RS_STRUCTURE

To understand why one must think about Structure, it helps to consider the reason academic writers do more than simply state their thesis, or knowledge contribution, and leave it at that. Why isn’t it enough to just announce the big idea in clear terms–much the way one is supposed to do in the introduction of an essay, chapter, or article–and count that as a job well done? The answer, of course, is that there is a difference between understanding the broad outlines of a knowledge contribution and really comprehending the nuance and complexity of the knowledge being proposed. Put differently, while a reader can understand an introductory statement quite easily, it takes a lot more to get that reader to have a deep appreciation of the knowable thing that lies behind that statement. For an academic writer, structuring the paragraphs and sections that come after an essay’s introduction has everything to do with the hard work of moving readers beyond a superficial, preliminary understanding of the knowledge being proposed.
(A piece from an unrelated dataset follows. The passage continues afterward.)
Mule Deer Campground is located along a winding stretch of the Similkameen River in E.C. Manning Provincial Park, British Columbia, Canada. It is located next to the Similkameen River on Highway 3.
Revising your way toward a clear and effective structure is essential because of two inescapable conditions under which your reader is encountering your work:

  1. Your reader begins from a position of relative ignorance. While readers may come to your piece with some existing knowledge that is relevant, they don’t know nearly as much as you do about the existing scholarly conversation, your original research, the conclusions you’ve reached, the analysis that supports your conclusions, and information you understand to provide necessary context, among other things.
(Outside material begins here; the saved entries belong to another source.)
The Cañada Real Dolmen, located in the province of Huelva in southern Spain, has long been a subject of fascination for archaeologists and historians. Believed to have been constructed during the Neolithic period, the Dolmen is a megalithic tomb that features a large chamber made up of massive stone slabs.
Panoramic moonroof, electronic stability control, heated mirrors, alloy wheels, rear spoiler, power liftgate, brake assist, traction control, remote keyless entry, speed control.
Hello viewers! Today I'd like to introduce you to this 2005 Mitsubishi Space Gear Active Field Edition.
  2. Your reader can only encounter your work sentence by sentence, paragraph by paragraph, which means that each step has to make sense to them in the absence of all the steps that have not yet taken place in the paper.
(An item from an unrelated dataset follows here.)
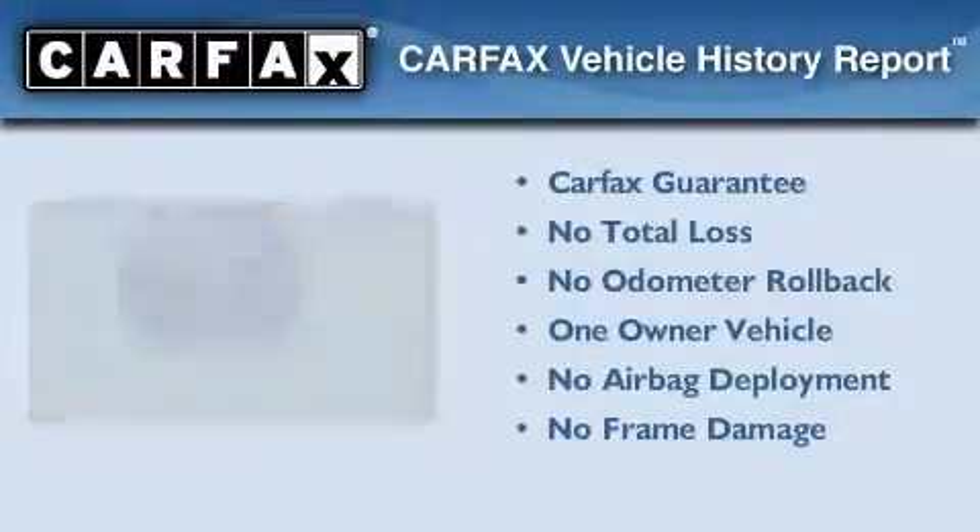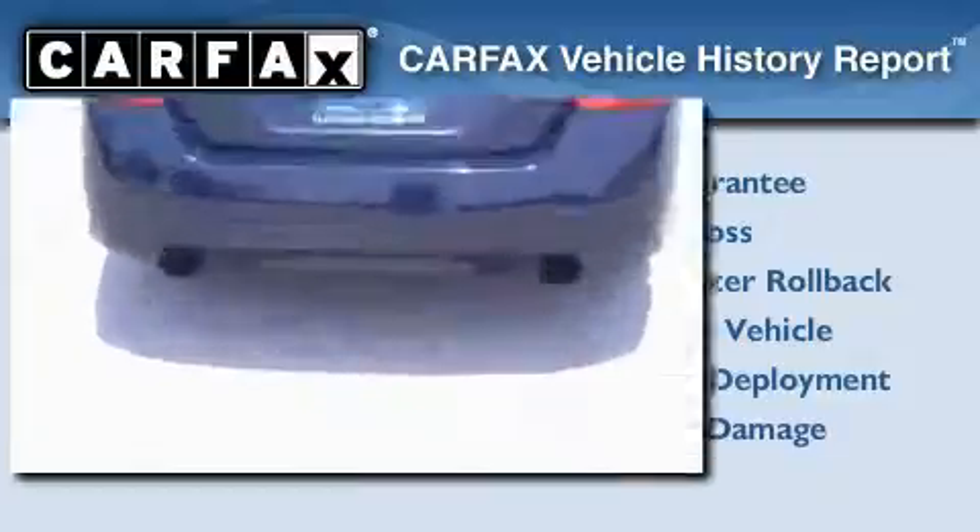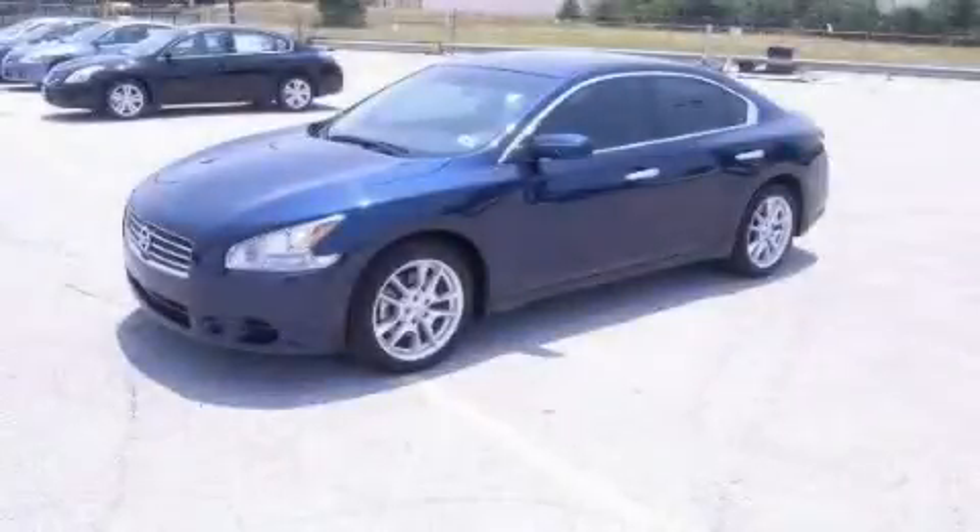This Nissan has had only one owner, and it qualifies for the Carfax buy-back guarantee. Please call us today for more information on this great vehicle.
As a writer, structural decisions can be challenging because your knowledge contribution makes the most sense to you when you think about it as a complete picture. Consequently, it can be very hard to figure out the right way to break your presentation into a sequence of steps that  “adds up” to a complete understanding for your reader. Revision strategies in this section offer ways to distance yourself from the complete understanding in your mind and to better consider the partial and accumulative process of understanding experienced by your reader as a direct result of your draft’s structure.